Une cour d'appel de New York lui a ordonné en début de semaine de divulguer publiquement le contenu d'un mémorandum confidentiel du ministère de la Justice ayant notamment servi à justifier une frappe au Yémen contre un citoyen américain présenté comme un membre important d'Al-Qaïda.

Anouar al-Aulaqi, originaire du Nouveau-Mexique, avait été abattu dans une attaque de drones survenue le 30 septembre 2011 en même temps qu'un autre ressortissant américain, Samir Khan, qui ne figurait pas parmi les cibles identifiées par l'administration.

La décision du tribunal, qui pourrait être portée en appel, faisait suite à une demande d'accès à l'information formulée par des journalistes du New York Times ainsi que l'American Civil Liberties Union (ACLU).

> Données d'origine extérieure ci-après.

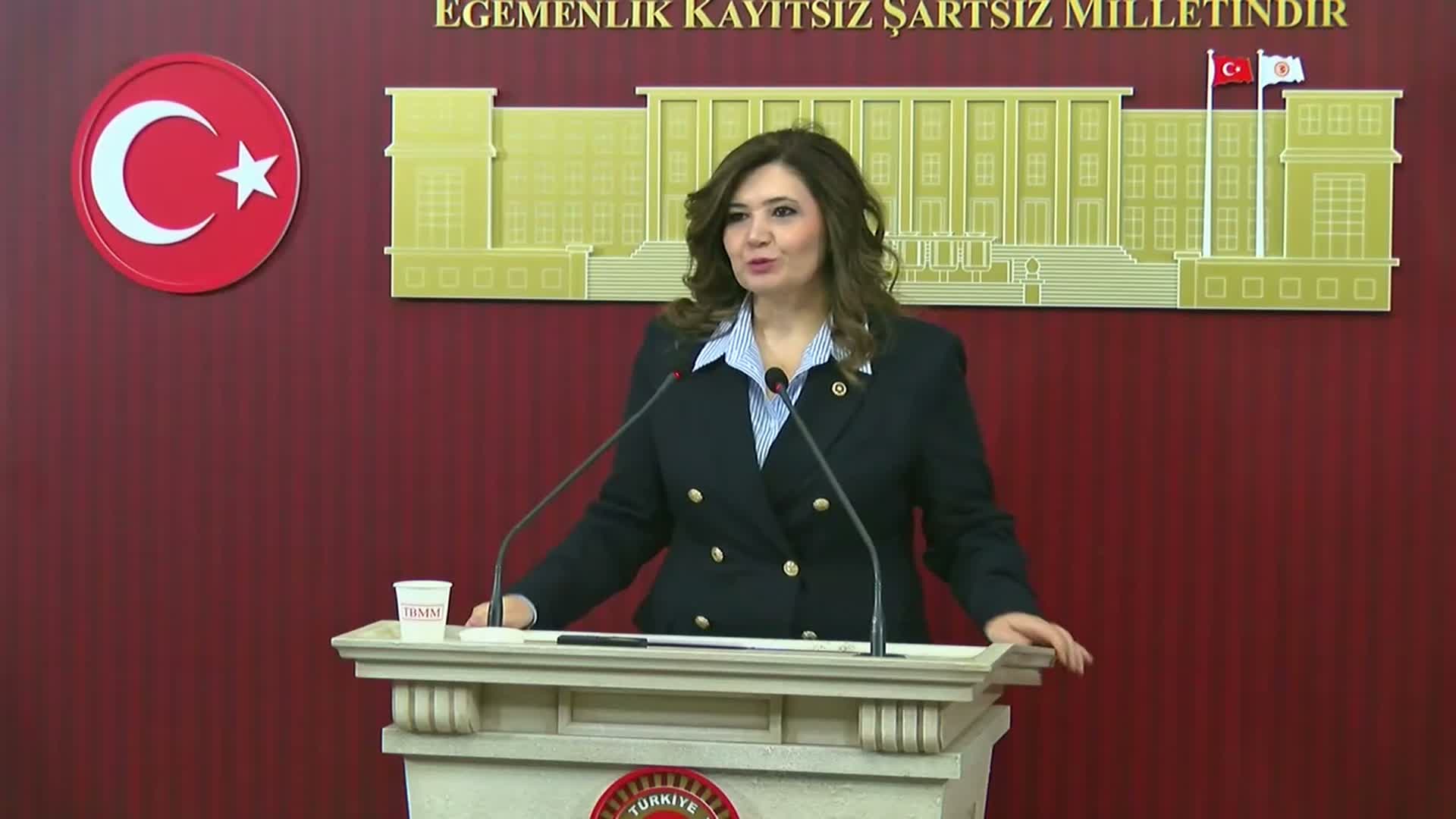 İYİ Partili Taşcı: "Basın özgürlüğünün gasp edilmesinin Türkiye'nin yeni normali olmasını kanıksatmayacağız"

Les frappes de drones, défendues par Washington comme un atout important dans la lutte contre le terrorisme, sont décriées depuis longtemps par les organisations de défense des droits de l'homme. La mort d'al-Aulaqi, qui avait été placé au préalable sur une liste de cibles potentielles par les États-Unis, avait poussé l'administration à lever, en partie, le voile sur les critères adoptés pour déterminer si une frappe est justifiée et légale.

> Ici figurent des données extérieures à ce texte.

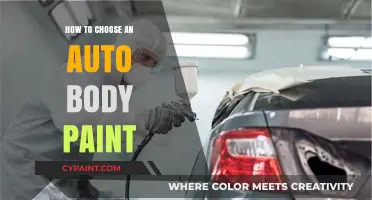 Choosing the Perfect Auto Body Paint: A Comprehensive Guide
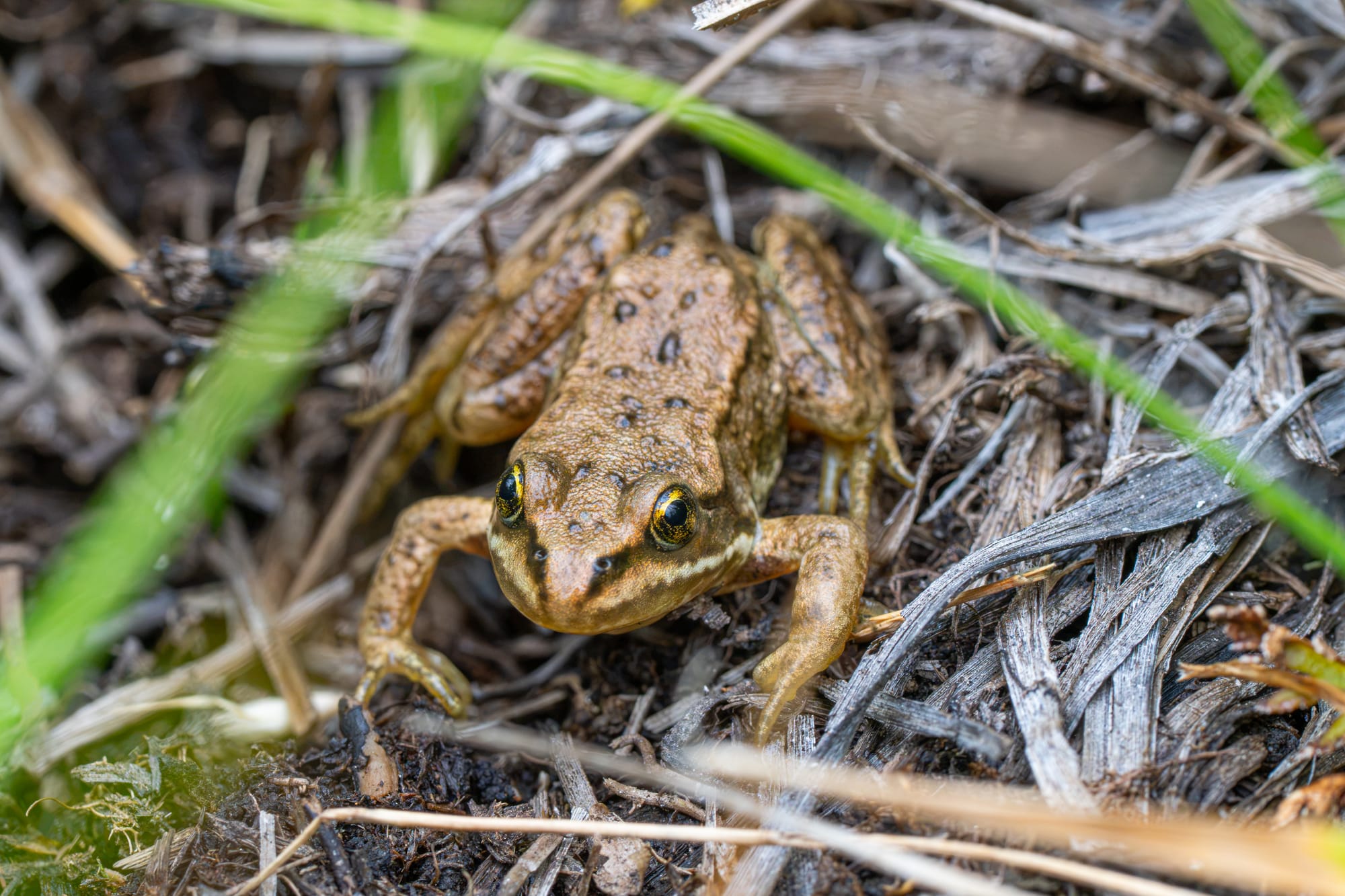 Columbian spotted frog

Une mesure de dernier recours?

En avril 2013, l'actuel chef de la CIA, John Brennan, qui était alors l'un des principaux conseillers en matière de terrorisme du président Barack Obama, avait expliqué que les États-Unis étaient engagés dans un «conflit armé» avec Al-Qaïda et des groupes associés comme les talibans, et pouvaient utiliser la force pour assurer leur défense, incluant dans des pays comme le Pakistan et le Yémen, avec lesquels ils ne sont pas en guerre.

Un mois plus tard, la Maison-Blanche a affirmé que son objectif premier était toujours de capturer les gens soupçonnés de terrorisme. Les frappes de drones ne devraient être utilisées, expliquait-on alors, qu'en l'absence de toute autre solution de rechange, lorsque la personne ciblée représente une «menace imminente» pour des citoyens américains et que des civils innocents ne sont pas menacés par les frappes.

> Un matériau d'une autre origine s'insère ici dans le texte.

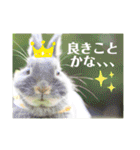 句読点コンビ②ひとこと編（個別スタンプ：36）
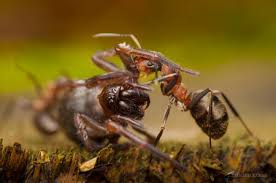 Attēlu rezultāti vaicājumam “Formica rufa”
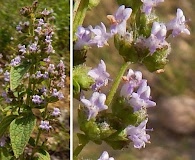 Cantinoa mutabilis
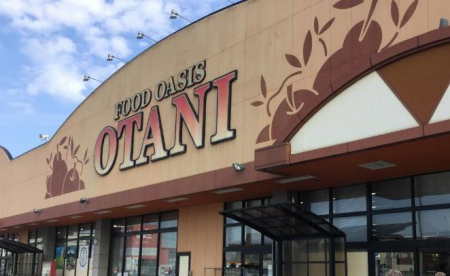 ӊ@yX[p[zijtWhCI[^j X܂494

Un document interne obtenu par la chaîne américaine NBC indique que l'administration a pris dans les faits des libertés non négligeables avec les concepts évoqués, adoptant des définitions très larges pour justifier ses actions.

La divulgation intégrale du mémorandum réclamé devant le tribunal new-yorkais pourrait lever toute ambiguïté sur les raisonnements utilisés par Washington et frayer la voie à des recours judiciaires.